EXERCISE PROMPT |
Start at the top of the records and, please, print each line exactly through the line that contains "Kayseria - 3 Piece Pk Raw Silk Suit", leaving out all pictures.

Short descriptive text snippets
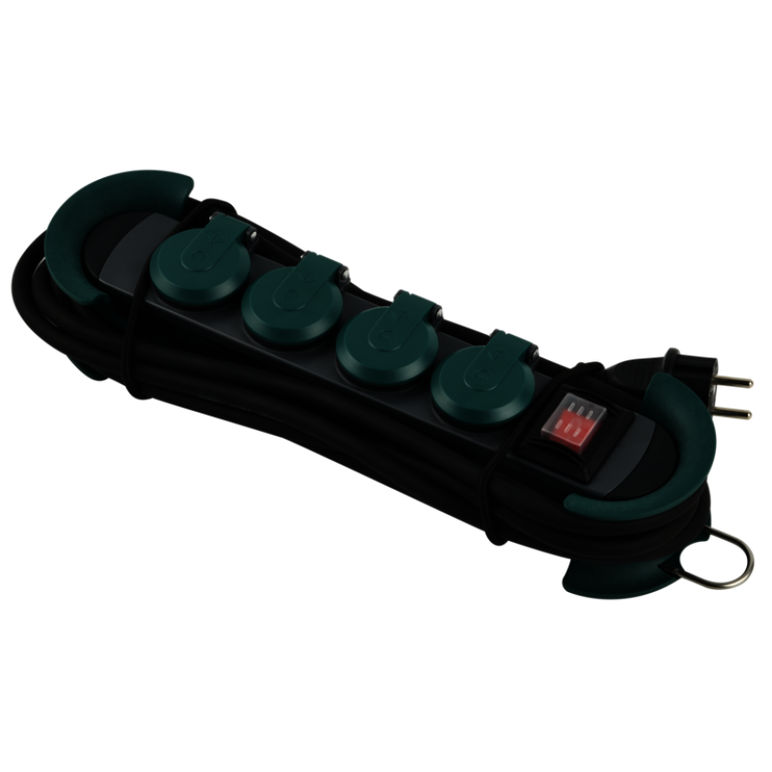 Hook outdoor 4xcee7/3 verde 4,0m cee7/7,  Prelungitoare | electropc.ro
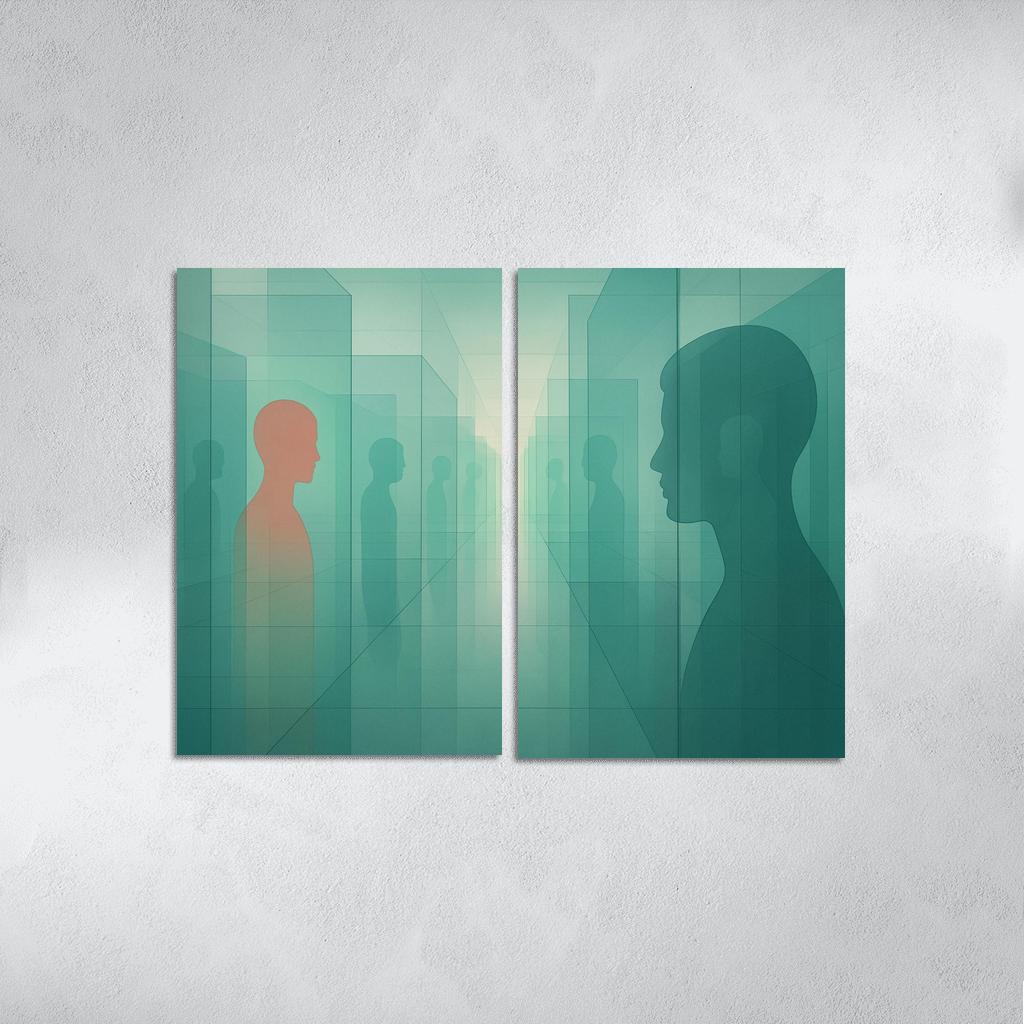 Mirror Archive Of Possible Selves modern paintings frame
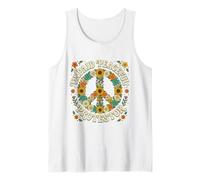 Fiore Floreale del Segno della Pace manifestante Pacifico Non pagato Canotta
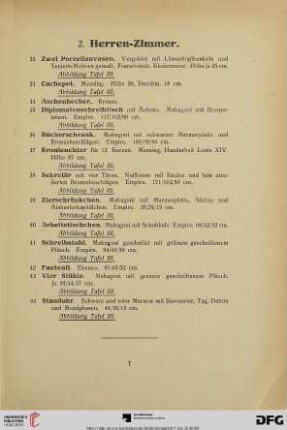 2. Herren-Zimmer (Nr. 32-44)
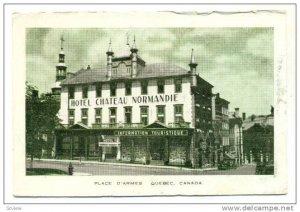 Hotel Chateau Normandie, Place D'Armes, Quebec, Canada, 1910-1920s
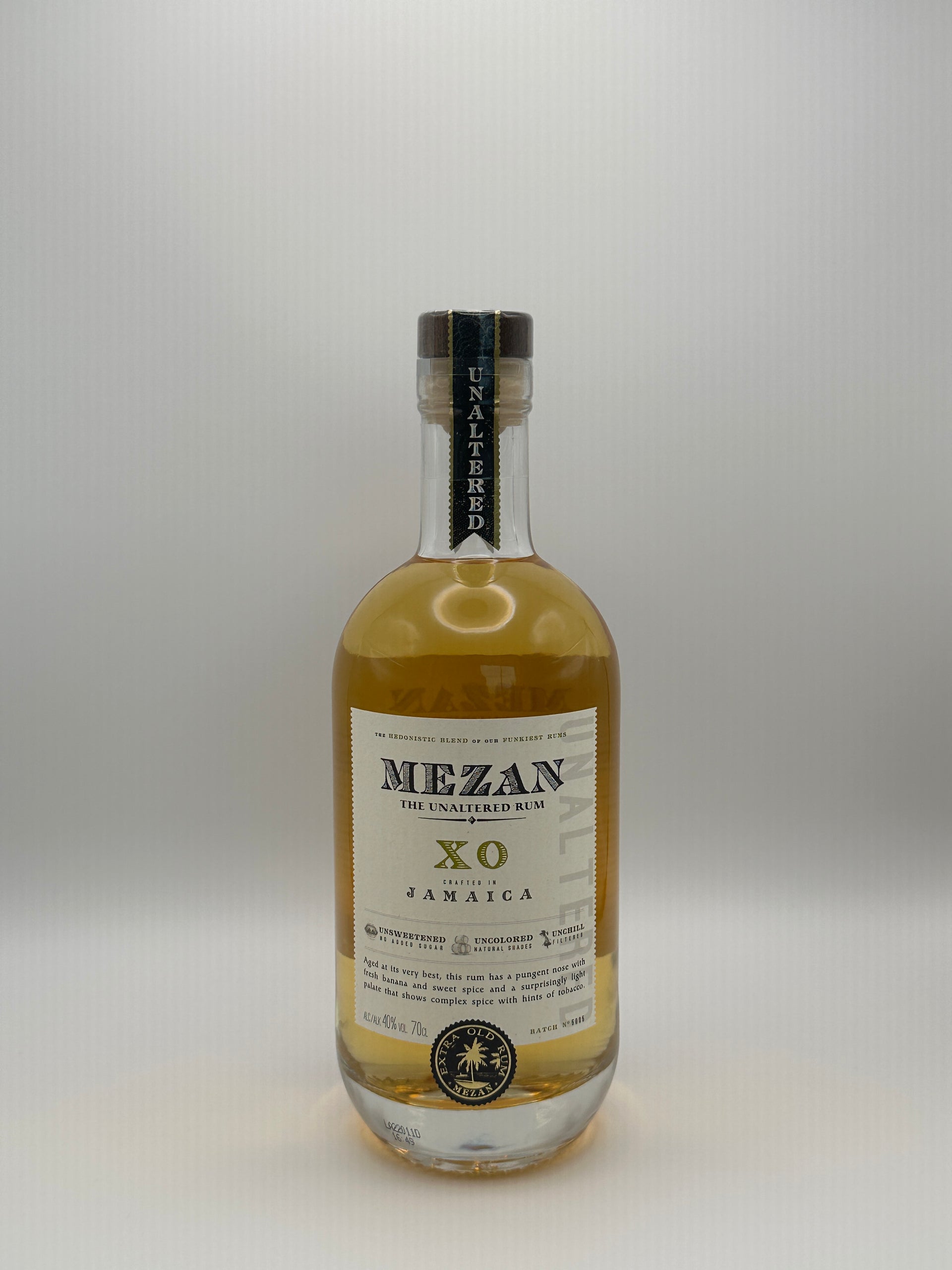 Mezan XO "Jamaica" - Rhum de Jamaique - 70cl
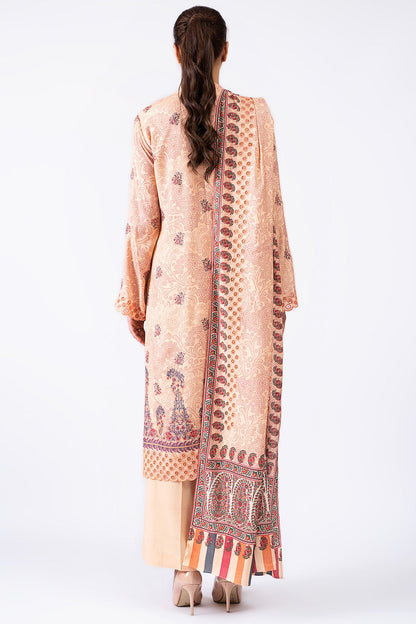 Kayseria - 3 Piece Pk Raw Silk Suit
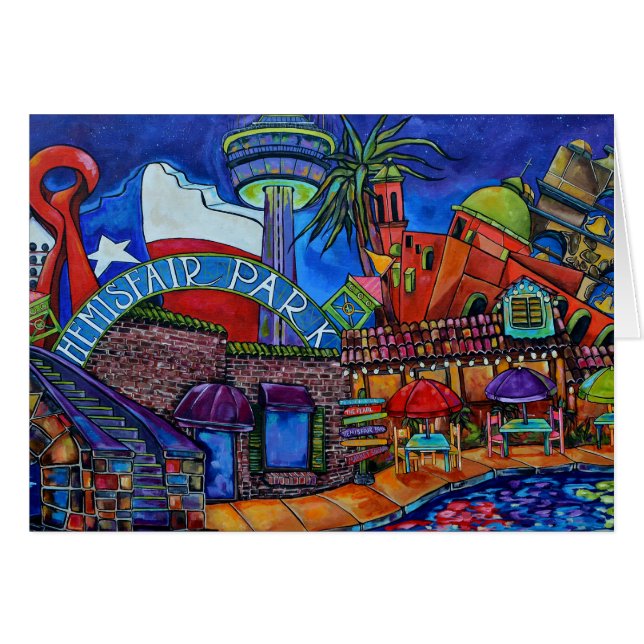 tarjeta san antonio del centro (Anverso (Horizontal))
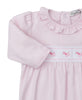 Kissy Kissy - Footie Classic Treasures - Pink White Stripes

RESULT |
 Hook outdoor 4xcee7/3 verde 4,0m cee7/7,  Prelungitoare | electropc.ro
 Mirror Archive Of Possible Selves modern paintings frame
 Fiore Floreale del Segno della Pace manifestante Pacifico Non pagato Canotta
 2. Herren-Zimmer (Nr. 32-44)
 Hotel Chateau Normandie, Place D'Armes, Quebec, Canada, 1910-1920s
 Mezan XO "Jamaica" - Rhum de Jamaique - 70cl
 Kayseria - 3 Piece Pk Raw Silk Suit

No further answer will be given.